Die Anfänge der spanischen Geschichte reichen weit in die Altsteinzeit unseres Kontinents zurück und können durch Höhlenmalereien, zum Beispiel in Altamira, bis in die Zeit von 11.000 vor Christus belegt werden. Und während sich die Archäologen am Golf von Biskaya und in den westlichen Pyrenäen um die teilweise noch rätselhafte Höhlenmalerei kümmern, können im Süd-Osten neolithische bis frühbronzezeitliche Siedlungen nachgewiesen werden, die eine gewisse Gemeinsamkeit mit prähistorischen Kulturen Afrikas aufweisen.

Nach dieser ersten Form der Besiedlung kamen die Iberer auf die Pyrenäenhalbinsel und waren auch gleichzeitig der Namensgeber für diese Region. Im 11. Jahrhundert vor Christus begannen die Phönizier an der Südküste Fuß zu fassen und später folgten dann die Griechen. Im 5. und 4. Jahrhundert vor Christus drängten die Kelten aus Gallien kommend in das Land und verschmolzen nach vielen Kämpfen mit den Iberern zu der neuen Volksgruppe der Keltiberer.
Der Süden und Osten der Iberischen Halbinsel wurden nach dem ersten Punischen Krieg von 237 bis 219 vor Christus von den Karthagern besiedelt, verloren diese Besitzungen aber im zweiten Punischen Krieg von 218 bis 201 vor Christus wieder.
Der Versuch der Römer, das Land unter ihre Kontrolle zu bringen, gelang erst nach 200 jährigen blutigen Kriegen, wobei die Basken im Norden ihre Unabhängigkeit behielten.
Trotz Verfolgungen bekam das Christentum immer mehr Anhänger, breitete sich rasant aus und Kaiser Konstantin machte sie zur vorherrschenden Religion.

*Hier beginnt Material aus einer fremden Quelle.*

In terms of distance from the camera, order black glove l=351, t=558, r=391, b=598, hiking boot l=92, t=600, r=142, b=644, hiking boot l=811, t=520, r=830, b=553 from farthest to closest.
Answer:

Der im 5. Jahrhundert beginnende Zerfall des Römischen Reiches und die dadurch entstandene Erschütterung seiner äußeren Macht, veranlasste viele Völker, die Iberische Halbinsel zu erobern, und mit kriegerischen Auseinandersetzungen zu überziehen. Ulanen, Vandalen, Westgoten und islamische Eroberer lösten sich gegenseitig in ihrem Expansionsbestreben ab. Durch die Besetzung moslimischer Völker wurde die arabische Kunst und Wissenschaft zu einer unglaublichen Blüte angeregt, die auch für die Bevölkerung nicht ohne vorteilhafte Folgen blieb. Es waren Zeiten, die von Toleranz zwischen den Muslimen und den doch recht großen christlichen und jüdischen Gemeinden geprägt waren. Erst unter Pelayo, von 718 bis 737 der erste König von Asturien, begann die Vertreibung der Muslime, in dem er in den Bergen von Covadonga mit dem Kampf gegen die Mauren begann.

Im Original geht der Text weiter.